County department heads took the first steps in prioritizing what's most important. During a four-hour session led by facilitators from the University of Minnesota Extension Service, they reviewed every county program, from law enforcement and emergency management to public health, family services, public works, the recorder's office and the license bureau.
Two things were clear: The county provides a complex and diverse array of services, and many services are required, leaving no quick or easy solution to the budget dilemma.
"I don't know what we can cut," said Tim Falkum, the county assessor. "Everything we do is mandatory, or nearly everything."

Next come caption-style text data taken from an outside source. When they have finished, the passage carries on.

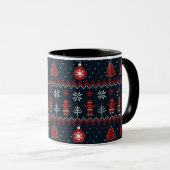Festive knitted ginger bread snow flakes  mug マグカップ (正面右)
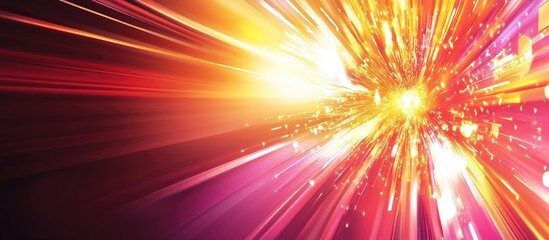 Vibrant abstract explosion of light with dynamic colors creating a festive backdrop and ample space for custom text insertion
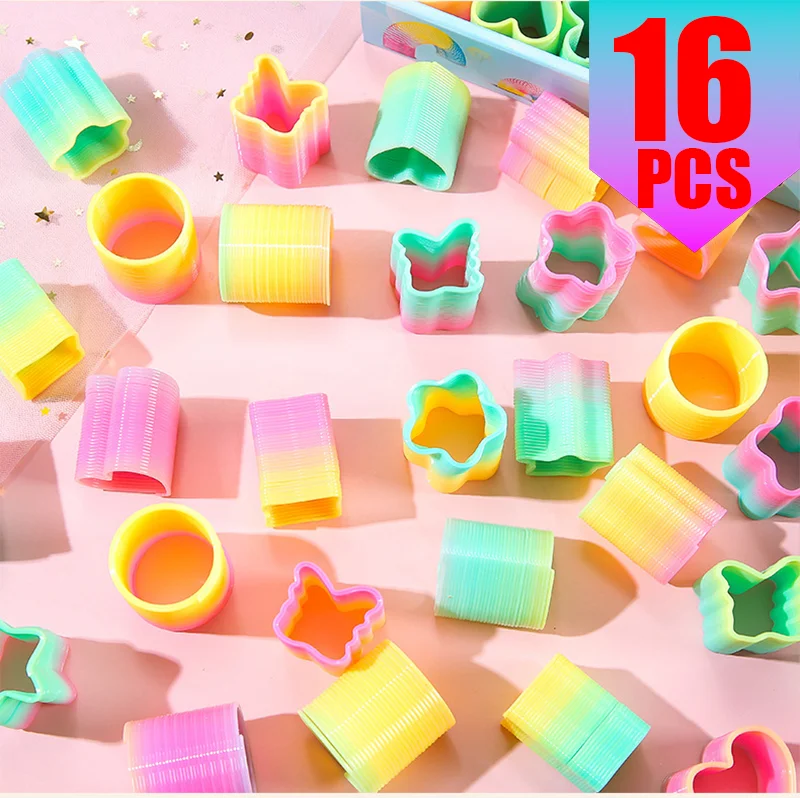 Rainbow Magic Springs Circle Toy for Kids Flexible Fun Birthday Party Favor Small Gift Pinata Fillers Ideal for Guest Giveaway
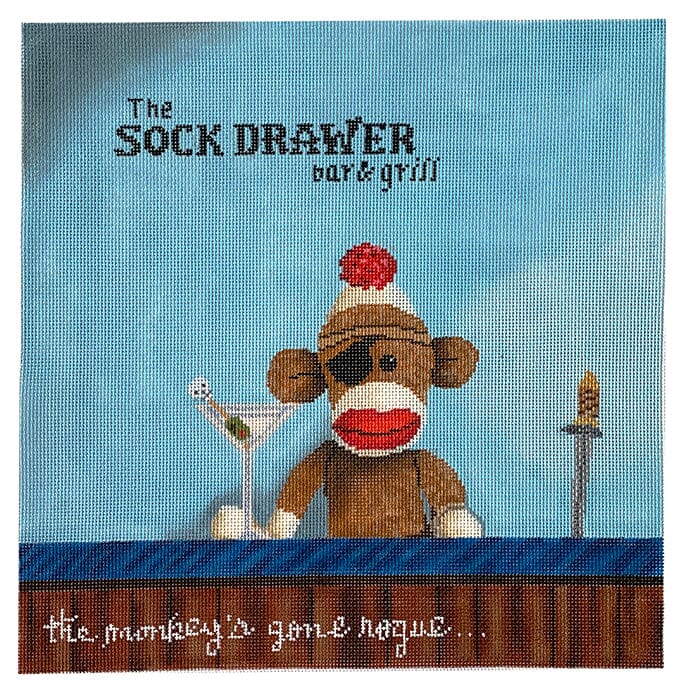 The Monkey's Gone Rogue Painted Canvas CBK Needlepoint Collections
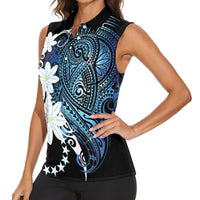 Cook Islands Maori Language Week Women Sleeveless Polo Shirt Tiare Maori Kuki Airani Blue Pattern LT22 - Polynesian Pride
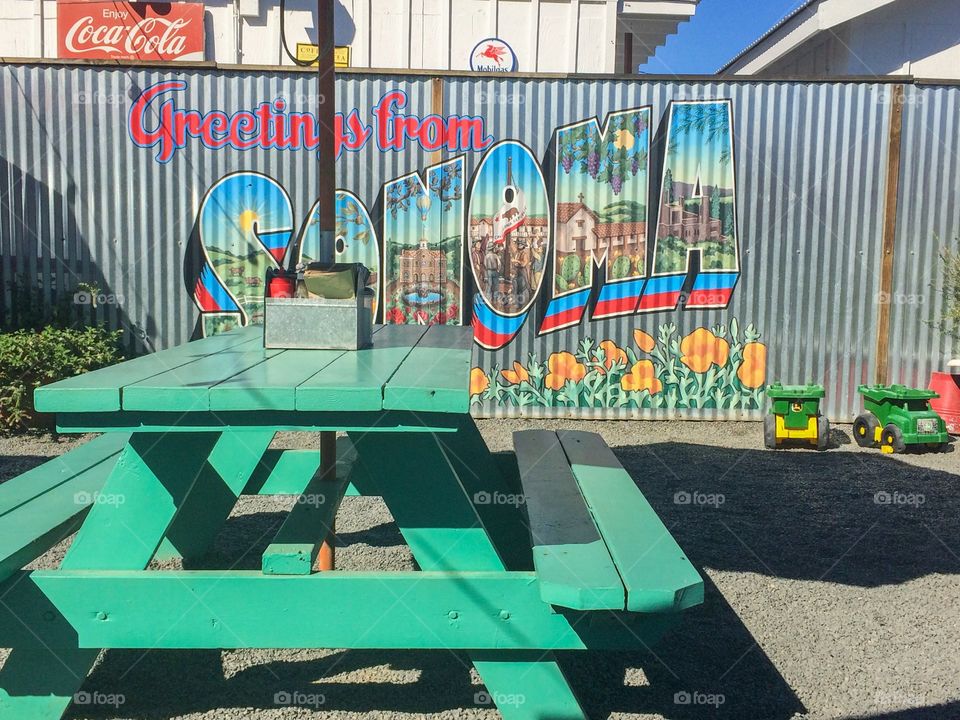 Colorful picnic bench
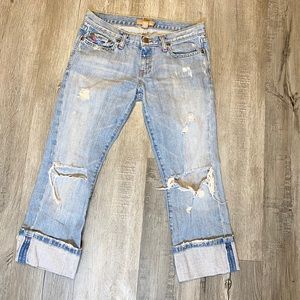 Abercrombie & Fitch Cuffed Light Wash Jeans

Department heads will be forced to start sharpening their pencils this week as the budgeting process for 2010 gets under way. Kleindl said all the departments will be asked to keep their levy request for next year at a zero percent increase or less -- not including inflation or pay increases.
"You basically are going to be asked to make between a 2 and 3 percent reduction in your overall budget," he said. Revenue-earning departments that have seen a loss of revenue may have to make even larger budget reductions, he said.

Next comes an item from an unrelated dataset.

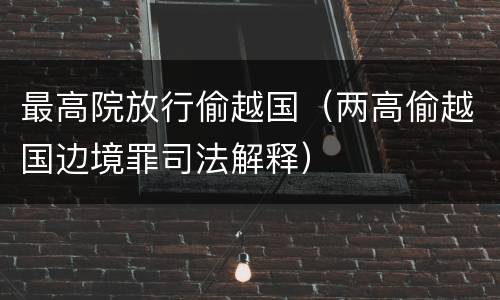 最高院放行偷越国（两高偷越国边境罪司法解释）
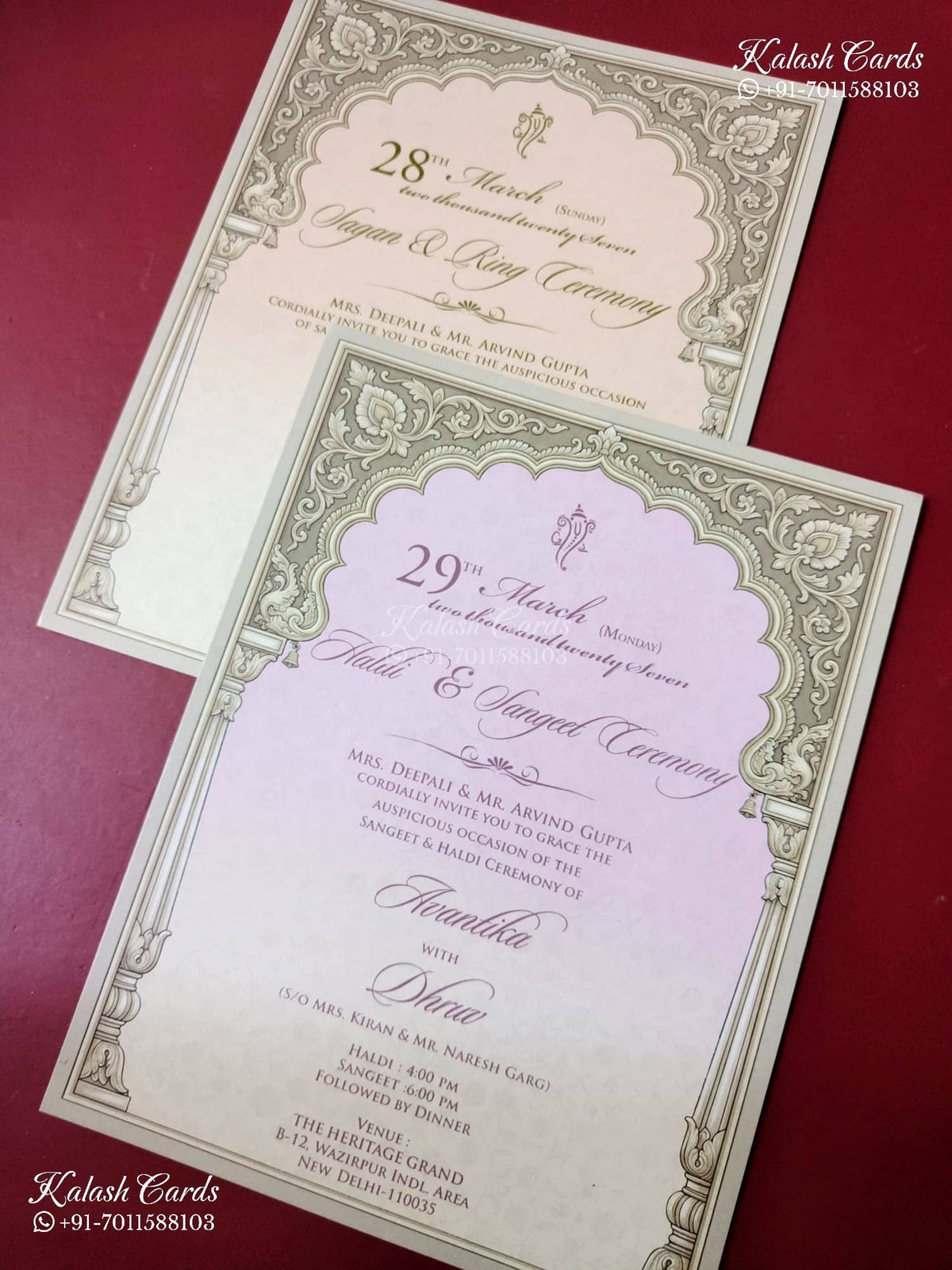 KLB-1493 Maroon Royal Arch 3-Fold Style Semi Box Wedding Card (2 Page)-Kalash Cards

Meetings also are starting this week with union representatives to start exploring options such as furloughs and pay freezes.

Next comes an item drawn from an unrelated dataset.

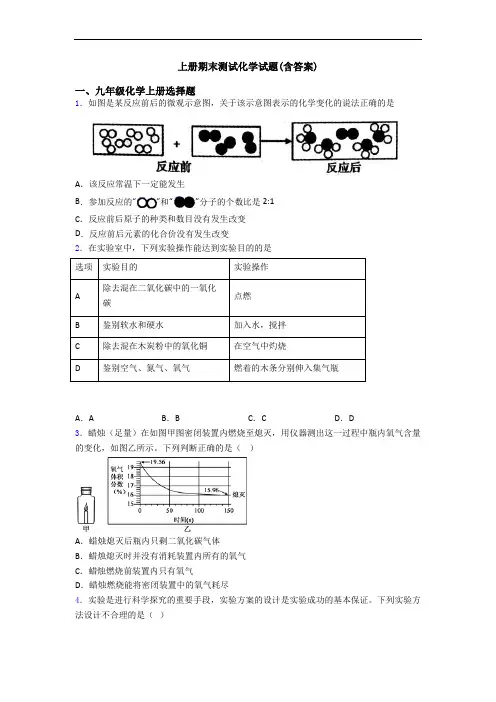 初三化学上册期末测试化学试题(含答案)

Kleindl said the county already cut back last year on its hiring and has not filled several vacant positions.
"We've already started the downsizing. ... Many departments are working short already," he said.
The big question for Kandiyohi County is how to move forward when it's facing the loss of $329,000 in state funding this year and more than $660,000 next year, Kleindl said.
"We still have to operate and do business in the county. We still have to buy equipment when it breaks down. ... We can't stop functioning," he said.
Toby Spangler, one of the facilitators for Tuesday's session, said studies that have looked at the impact of government shortfalls have found that across-the-board budget cuts generally don't work.
"You're ahead of the game. You've been very thoughtful and intentional," he told Kandiyohi County officials.
It's not known yet which county programs or services might be targeted for cutbacks. Among the priorities identified on Tuesday were programs that are safety-related and programs that directly affect the public.
To add to the decision-making challenge, many county services are interrelated. For instance, reducing or eliminating a Family Services program to prevent school truancy could result in a higher burden on the county attorney's juvenile justice division and possibly higher costs for out-of-home placement.
Many key departments, such as the Sheriff's Office, also are resource-intensive.
"Law enforcement's not a cheap project," said Sheriff Dan Hartog. "We do bring in some revenue, but there's a lot of costs to what we do."
County Commissioner Harlan Madsen voiced frustration with how the state budget shortfall has placed counties against a fiscal brick wall.
"The individuals sitting in this room are innovative. They are creative. They did not create -- I repeat, they did not create -- the catastrophe we're facing," he said. "The Legislature has to learn there are limits."
A big concern for county officials is the public's level of awareness and whether county residents are ready to accept the potential loss of some services.
"They don't have a full picture. If that program is cut, it's going to touch someone they know," said Trisha Appeldorn, veterans service officer.
Public education will be needed, agreed Jay Kieft, director of Kandiyohi County Family Services.
"We can do a better job of telling people who we are and what we do," he said.
It also could be a chance to streamline, develop new ways to provide services and forge more partnerships and collaboration.
Madsen urged a culture change in how Kandiyohi County does business.
"We can be leaders and we can be innovators," he said.
Kleindl said afterward that the session was "very helpful."
"It got people to start looking within," he said. "It really is an opportunity to do things differently."